Pattern was represented by its internal counsel team. Its external US counsel was a Latham & Watkins LLP team including Kirk Davenport II, Patrick Shannon, Brandon Bortner and John Kim (capital markets); Jiyeon Lee-Lim and Matthew Dewitz (tax), and David Taub and Adam Kestenbaum (executive compensation).
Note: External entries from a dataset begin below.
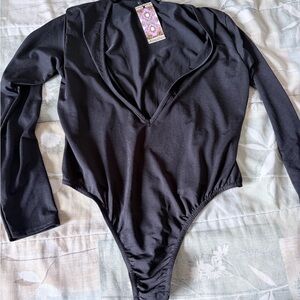 Boohoo Black Long Sleeve Bodysuit
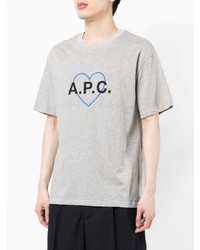 T-shirt à col rond imprimé gris A.P.C.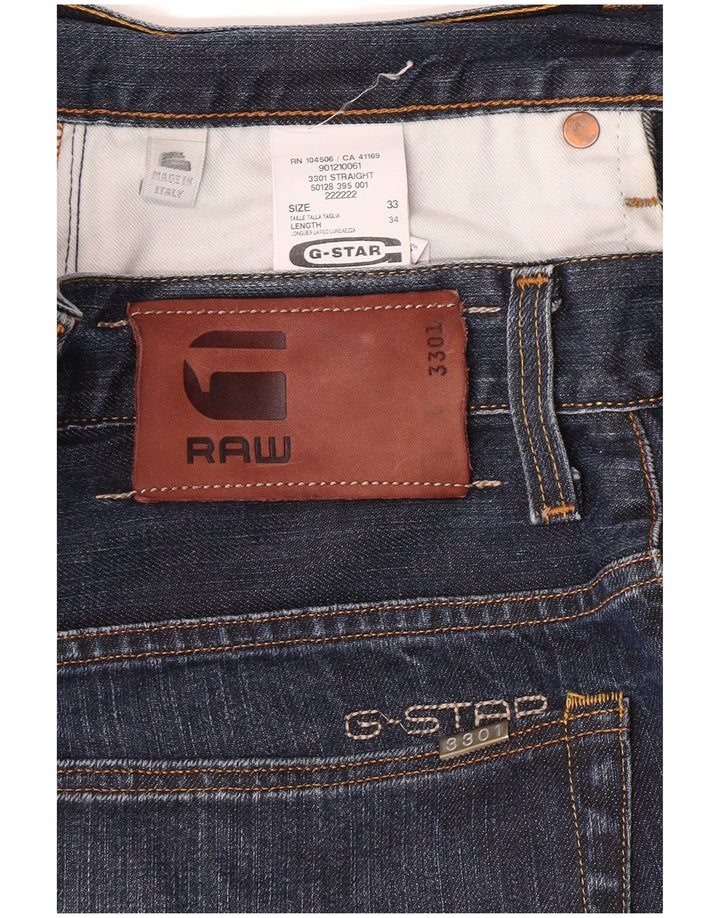 G-STAR Mens 3301 Straight Jeans W33 L32 Blue Cotton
Its Canadian counsel was Blake, Cassels & Graydon LLP with a team of Jeffrey Lloyd, Brendan Reay, Cat Youdan, Michael Hickey and Faye Ghadiani (securities); Ron Richler (tax), Tom Rowe (corporate) and Peter MacGowan and Mark Platteel (banking).

The underwriters were represented by Vinson & Elkins L.L.P. in the US, with a team of Shelley Barber, Brenda Lenahan, Chris Mathiesen and David Choi (securities) and Debra Duncan (tax); and in Canada by Torys LLP with a team of Phil Symmonds, Rima Ramchandani, Jim Miller and Christian Thatcher (securities) and Corrado Cardarelli and Andrew Wong (tax).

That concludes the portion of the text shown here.